ACTIVITY ▸ Could you repeat the data word for word while skipping the pictures?

DATA PROVIDED ▸
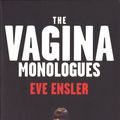 Cover Art for 9780748121540, The Vagina Monologues by Eve Ensler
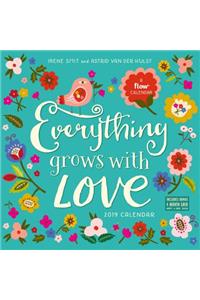 Everything Grows with Love Wall Calendar 2019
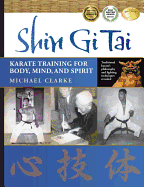 Shin GI Tai: Karate Training for Body, Mind, and Spirit
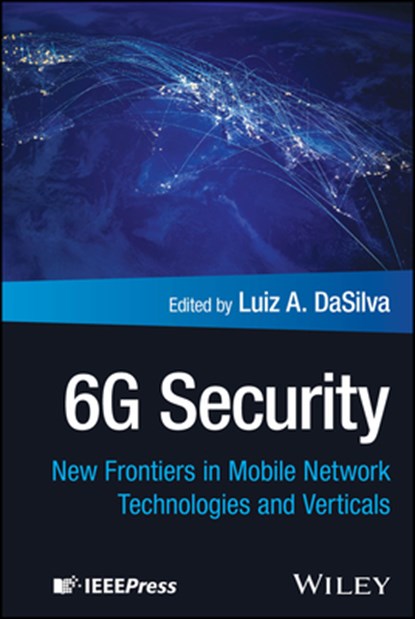 6G Security, Luiz A. (Virginia Polytechnic Institute and State University DaSilva - Gebonden - 9781394292462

EXERCISE RESULT ▸
 Cover Art for 9780748121540, The Vagina Monologues by Eve Ensler
 Everything Grows with Love Wall Calendar 2019
 Shin GI Tai: Karate Training for Body, Mind, and Spirit
 6G Security, Luiz A. (Virginia Polytechnic Institute and State University DaSilva - Gebonden - 9781394292462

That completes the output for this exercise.